(What is needed): Transcribe the data that follows without changing a word, and omit the pictures.

(Dataset section):
● ● ● ●

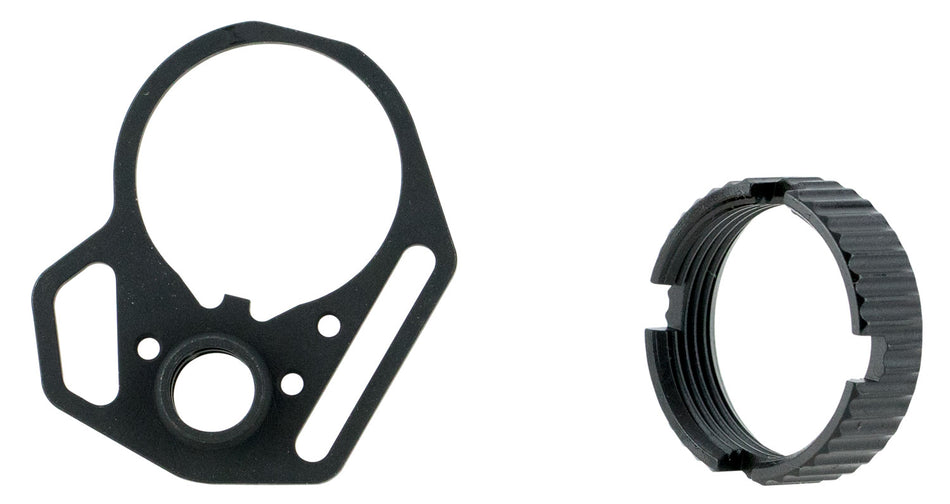 Strike Industries ARMFEP&ACN End Plate and Castle Nut with QD Socket Steel Black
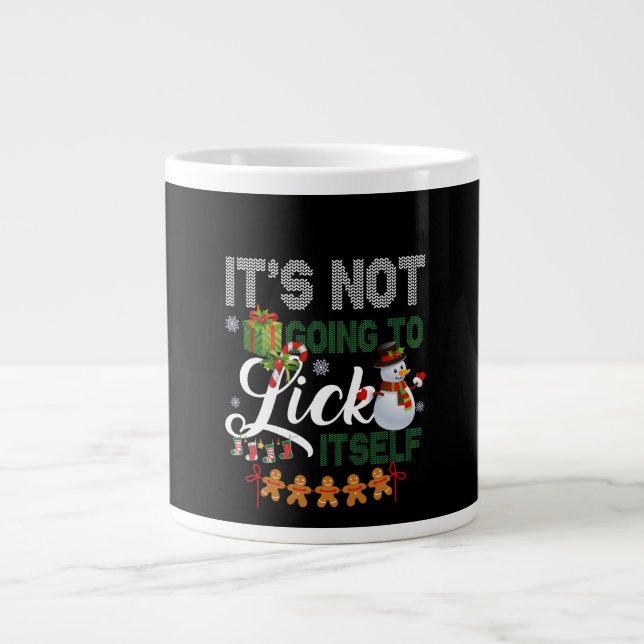 Grande Tasse Ça ne va pas se lick Snowman (Devant)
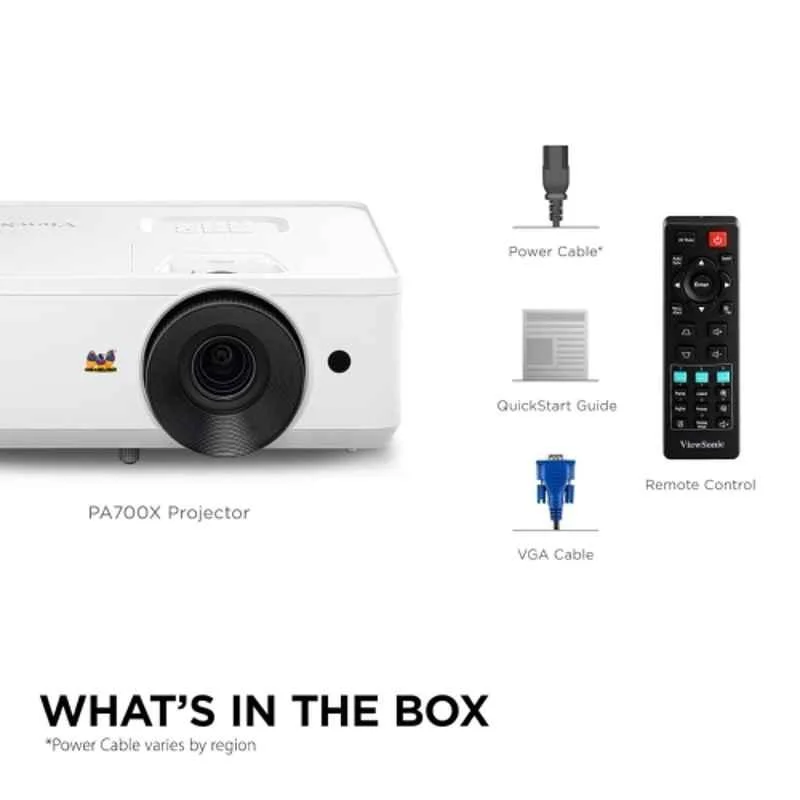 ViewSonic PA700X 4500lm High Brightness XGA LED Projector with Vertical Keystone for Business & Education - view 1
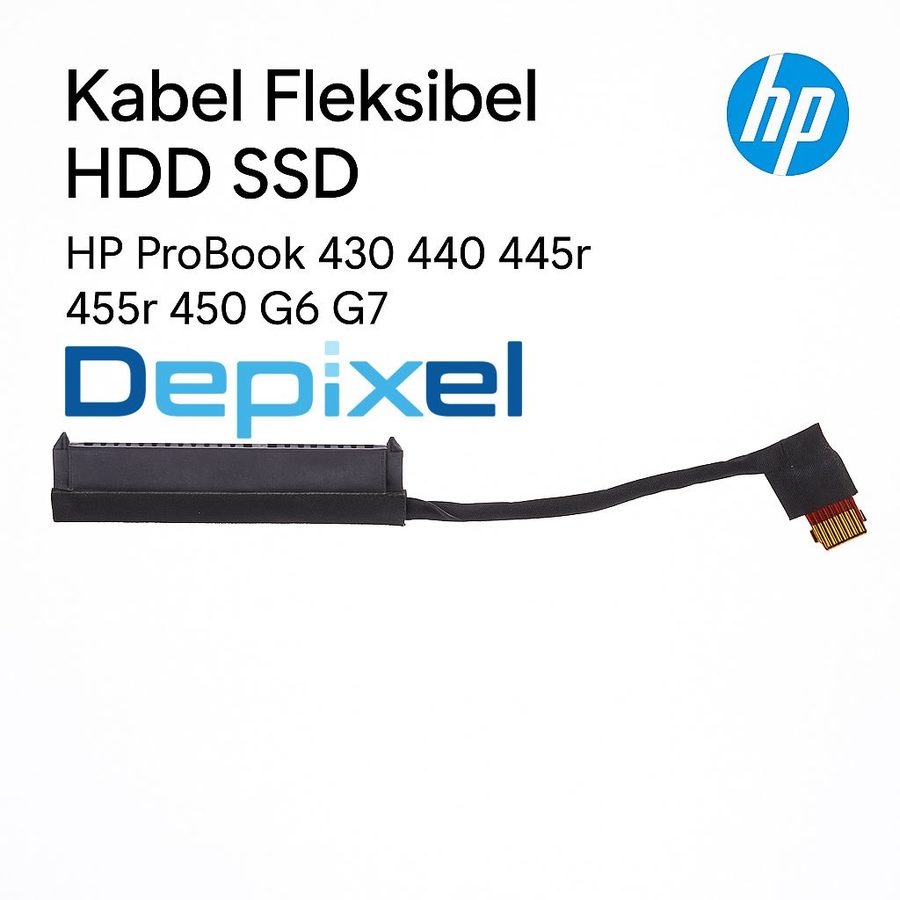 Kabel Fleksibel HDD SSD HP Probook 430 440 445r 455r 450 G6 G7 Flex 4.5cm 10 Pin Konektor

● ● ● ●

(Answer box):
 Strike Industries ARMFEP&ACN End Plate and Castle Nut with QD Socket Steel Black
 Grande Tasse Ça ne va pas se lick Snowman (Devant)
 ViewSonic PA700X 4500lm High Brightness XGA LED Projector with Vertical Keystone for Business & Education - view 1
 Kabel Fleksibel HDD SSD HP Probook 430 440 445r 455r 450 G6 G7 Flex 4.5cm 10 Pin Konektor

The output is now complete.